Better deaf than deafened.

Formerly, one wished to acquire fame and be spoken of: now that it is no longer enough because the market has grown too large,—nothing less than screaming will do. As a consequence, even good voices scream till they are hoarse, and the best goods are offered by cracked voices; without the screaming of those who want to sell and without hoarseness there no longer is any genius.

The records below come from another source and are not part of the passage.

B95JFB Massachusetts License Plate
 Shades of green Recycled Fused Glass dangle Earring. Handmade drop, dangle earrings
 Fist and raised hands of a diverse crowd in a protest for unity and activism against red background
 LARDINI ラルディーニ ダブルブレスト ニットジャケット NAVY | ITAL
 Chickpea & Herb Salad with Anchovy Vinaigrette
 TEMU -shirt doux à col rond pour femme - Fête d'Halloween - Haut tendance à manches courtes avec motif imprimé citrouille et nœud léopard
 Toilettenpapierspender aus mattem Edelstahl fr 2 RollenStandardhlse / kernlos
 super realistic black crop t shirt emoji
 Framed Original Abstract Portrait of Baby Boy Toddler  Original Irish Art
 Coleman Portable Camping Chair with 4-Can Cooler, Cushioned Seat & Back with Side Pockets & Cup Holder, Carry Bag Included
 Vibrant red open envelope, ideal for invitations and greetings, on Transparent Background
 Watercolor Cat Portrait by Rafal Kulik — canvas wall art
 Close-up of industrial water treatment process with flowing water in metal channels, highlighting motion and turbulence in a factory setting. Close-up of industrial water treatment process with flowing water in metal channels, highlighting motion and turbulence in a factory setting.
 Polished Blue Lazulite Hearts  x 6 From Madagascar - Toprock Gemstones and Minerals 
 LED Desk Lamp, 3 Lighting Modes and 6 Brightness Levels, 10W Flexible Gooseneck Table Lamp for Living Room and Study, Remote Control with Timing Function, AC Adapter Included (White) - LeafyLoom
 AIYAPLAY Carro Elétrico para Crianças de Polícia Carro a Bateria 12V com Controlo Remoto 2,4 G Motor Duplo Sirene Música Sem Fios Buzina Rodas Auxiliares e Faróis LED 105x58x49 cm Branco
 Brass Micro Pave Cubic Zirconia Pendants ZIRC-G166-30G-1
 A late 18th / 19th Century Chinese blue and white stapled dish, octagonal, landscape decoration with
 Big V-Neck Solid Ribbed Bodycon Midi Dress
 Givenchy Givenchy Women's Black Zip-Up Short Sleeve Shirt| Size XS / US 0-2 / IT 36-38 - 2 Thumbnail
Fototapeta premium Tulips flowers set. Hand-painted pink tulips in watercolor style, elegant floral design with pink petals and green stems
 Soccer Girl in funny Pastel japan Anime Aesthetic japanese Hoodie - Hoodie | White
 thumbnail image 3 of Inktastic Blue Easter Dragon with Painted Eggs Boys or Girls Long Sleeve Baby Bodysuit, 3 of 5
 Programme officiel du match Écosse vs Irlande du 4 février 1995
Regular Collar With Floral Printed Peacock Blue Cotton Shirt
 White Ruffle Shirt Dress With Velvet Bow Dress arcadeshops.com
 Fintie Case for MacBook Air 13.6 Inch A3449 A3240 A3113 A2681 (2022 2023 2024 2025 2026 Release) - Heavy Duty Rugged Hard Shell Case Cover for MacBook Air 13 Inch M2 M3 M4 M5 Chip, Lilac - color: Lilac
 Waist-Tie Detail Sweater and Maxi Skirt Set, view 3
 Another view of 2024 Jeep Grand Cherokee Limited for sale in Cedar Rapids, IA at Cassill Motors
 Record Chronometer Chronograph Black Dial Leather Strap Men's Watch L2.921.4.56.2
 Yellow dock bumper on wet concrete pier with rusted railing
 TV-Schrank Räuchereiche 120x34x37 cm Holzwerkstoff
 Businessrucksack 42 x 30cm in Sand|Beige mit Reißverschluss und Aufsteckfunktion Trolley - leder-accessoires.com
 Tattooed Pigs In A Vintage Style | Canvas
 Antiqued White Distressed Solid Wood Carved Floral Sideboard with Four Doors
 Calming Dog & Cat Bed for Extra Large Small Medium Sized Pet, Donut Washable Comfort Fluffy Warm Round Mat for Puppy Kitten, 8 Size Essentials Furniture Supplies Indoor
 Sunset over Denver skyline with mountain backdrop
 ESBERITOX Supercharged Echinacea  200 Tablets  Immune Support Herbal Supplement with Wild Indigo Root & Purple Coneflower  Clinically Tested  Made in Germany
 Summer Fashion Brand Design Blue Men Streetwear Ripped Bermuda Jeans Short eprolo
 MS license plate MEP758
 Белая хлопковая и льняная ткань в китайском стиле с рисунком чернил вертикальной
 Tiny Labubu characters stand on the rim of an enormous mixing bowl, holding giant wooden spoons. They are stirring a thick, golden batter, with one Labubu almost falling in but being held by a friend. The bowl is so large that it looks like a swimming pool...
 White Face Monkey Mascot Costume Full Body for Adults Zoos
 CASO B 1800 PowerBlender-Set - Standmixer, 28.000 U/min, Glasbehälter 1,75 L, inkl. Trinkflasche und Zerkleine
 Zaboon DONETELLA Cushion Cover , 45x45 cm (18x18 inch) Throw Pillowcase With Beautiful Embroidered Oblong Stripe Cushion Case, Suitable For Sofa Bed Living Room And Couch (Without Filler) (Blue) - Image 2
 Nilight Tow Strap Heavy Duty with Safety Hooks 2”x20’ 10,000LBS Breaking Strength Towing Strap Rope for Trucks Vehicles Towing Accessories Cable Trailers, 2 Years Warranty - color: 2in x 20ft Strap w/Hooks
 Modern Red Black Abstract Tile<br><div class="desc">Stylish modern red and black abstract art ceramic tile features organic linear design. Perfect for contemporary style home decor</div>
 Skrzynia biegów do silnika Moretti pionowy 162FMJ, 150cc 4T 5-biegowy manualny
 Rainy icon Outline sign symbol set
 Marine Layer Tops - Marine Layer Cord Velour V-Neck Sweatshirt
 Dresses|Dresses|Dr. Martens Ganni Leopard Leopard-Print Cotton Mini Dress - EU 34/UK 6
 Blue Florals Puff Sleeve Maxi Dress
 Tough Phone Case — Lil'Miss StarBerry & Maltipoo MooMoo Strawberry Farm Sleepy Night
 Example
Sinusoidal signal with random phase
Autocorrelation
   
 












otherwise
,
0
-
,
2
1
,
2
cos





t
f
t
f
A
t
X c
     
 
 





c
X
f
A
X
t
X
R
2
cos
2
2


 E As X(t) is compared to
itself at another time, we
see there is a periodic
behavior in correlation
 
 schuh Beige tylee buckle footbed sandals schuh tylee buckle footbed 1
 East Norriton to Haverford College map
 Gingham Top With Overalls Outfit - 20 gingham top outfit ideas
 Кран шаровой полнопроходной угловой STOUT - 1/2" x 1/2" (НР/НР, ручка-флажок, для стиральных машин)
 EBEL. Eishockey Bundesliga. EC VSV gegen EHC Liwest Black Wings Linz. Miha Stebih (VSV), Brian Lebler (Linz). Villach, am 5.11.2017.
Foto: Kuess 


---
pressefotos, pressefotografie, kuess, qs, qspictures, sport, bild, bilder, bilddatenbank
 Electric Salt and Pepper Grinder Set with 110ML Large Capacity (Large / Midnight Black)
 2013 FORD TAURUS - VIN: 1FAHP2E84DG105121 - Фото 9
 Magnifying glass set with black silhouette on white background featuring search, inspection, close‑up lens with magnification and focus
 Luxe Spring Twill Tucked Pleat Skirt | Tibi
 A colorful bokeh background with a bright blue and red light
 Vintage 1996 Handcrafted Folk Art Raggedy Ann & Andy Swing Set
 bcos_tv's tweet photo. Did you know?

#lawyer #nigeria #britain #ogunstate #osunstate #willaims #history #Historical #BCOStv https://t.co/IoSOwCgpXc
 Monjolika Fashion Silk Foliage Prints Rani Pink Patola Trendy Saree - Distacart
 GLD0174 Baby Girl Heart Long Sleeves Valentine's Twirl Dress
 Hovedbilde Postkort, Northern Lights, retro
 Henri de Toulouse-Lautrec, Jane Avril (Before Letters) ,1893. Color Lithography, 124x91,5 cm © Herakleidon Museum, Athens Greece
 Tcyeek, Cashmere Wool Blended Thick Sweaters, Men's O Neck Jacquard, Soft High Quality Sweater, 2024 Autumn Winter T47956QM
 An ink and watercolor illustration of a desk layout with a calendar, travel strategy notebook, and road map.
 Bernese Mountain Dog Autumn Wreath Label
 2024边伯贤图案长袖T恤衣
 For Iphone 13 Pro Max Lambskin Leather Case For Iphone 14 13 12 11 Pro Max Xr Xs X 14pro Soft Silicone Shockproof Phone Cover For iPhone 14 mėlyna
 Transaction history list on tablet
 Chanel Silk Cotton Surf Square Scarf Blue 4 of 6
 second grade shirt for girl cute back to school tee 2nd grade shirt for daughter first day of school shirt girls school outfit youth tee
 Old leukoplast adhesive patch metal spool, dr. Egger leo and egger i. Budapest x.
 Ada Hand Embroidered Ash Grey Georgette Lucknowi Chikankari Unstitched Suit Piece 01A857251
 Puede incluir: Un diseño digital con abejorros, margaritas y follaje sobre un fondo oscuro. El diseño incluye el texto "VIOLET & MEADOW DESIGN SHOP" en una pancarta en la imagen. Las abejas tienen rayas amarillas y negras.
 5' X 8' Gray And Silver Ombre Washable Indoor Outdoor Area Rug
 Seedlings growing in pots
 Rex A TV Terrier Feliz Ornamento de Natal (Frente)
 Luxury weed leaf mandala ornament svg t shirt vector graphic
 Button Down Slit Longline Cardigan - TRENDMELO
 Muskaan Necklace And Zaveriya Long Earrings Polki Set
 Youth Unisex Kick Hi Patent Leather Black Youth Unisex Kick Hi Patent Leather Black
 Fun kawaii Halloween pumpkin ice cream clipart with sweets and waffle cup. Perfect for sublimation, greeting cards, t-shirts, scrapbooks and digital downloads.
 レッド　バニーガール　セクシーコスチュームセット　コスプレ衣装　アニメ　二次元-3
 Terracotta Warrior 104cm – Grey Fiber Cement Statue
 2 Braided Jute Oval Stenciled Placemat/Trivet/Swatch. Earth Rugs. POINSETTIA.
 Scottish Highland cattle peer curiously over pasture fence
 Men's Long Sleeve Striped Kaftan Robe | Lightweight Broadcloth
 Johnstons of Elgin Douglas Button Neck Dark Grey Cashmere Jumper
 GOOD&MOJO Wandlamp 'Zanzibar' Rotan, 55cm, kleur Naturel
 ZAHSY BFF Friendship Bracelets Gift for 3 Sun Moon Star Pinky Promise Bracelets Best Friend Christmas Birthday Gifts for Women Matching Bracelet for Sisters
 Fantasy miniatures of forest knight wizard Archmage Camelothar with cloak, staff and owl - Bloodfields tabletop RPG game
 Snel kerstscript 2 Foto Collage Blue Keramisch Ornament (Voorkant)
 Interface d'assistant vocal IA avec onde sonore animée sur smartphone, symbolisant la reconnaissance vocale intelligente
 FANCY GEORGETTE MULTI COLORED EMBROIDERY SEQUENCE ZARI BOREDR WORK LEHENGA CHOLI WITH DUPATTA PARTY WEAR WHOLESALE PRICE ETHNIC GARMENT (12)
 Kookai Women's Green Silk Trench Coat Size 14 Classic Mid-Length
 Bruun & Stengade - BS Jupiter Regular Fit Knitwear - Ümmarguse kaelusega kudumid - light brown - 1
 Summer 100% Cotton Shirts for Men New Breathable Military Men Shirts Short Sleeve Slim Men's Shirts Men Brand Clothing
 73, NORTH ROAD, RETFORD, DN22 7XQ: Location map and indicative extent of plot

This is surely an evil age for a thinker: he has to learn how to find his silence between two noises and to pretend to be deaf until he really becomes deaf. Until he has learned this, to be sure, he runs the risk of perishing of impatience and headaches.

The greatest weight.

What, if some day or night a demon were to steal after you in your loneliest loneliness and say to you: “This life as you now live it and have lived it, you will have to live once more and innumerable times more; and there will be nothing new in it, but every pain and every joy and every thought and sigh and everything unutterably small or great in your life will have to return to you, all in the same succession and sequence—even this spider and this moonlight between the trees, and even this moment and I myself. The eternal hourglass of existence is turned upside down again and again—and you with it, speck of dust!”— Would you not throw yourself down and gnash your teeth and curse the demon who spoke thus? Or have you once experienced a tremendous moment when you would have answered him: “You are a god and never have I heard anything more divine!” If this thought gained possession of you, it would change you as you are or perhaps crush you; the question in each and every thing, “Do you desire this once more, and innumerable times more?” would lie upon your actions as the greatest weight! Or how well disposed would you have to become to yourself and to life to crave nothing more fervently than this ultimate eternal confirmation and seal?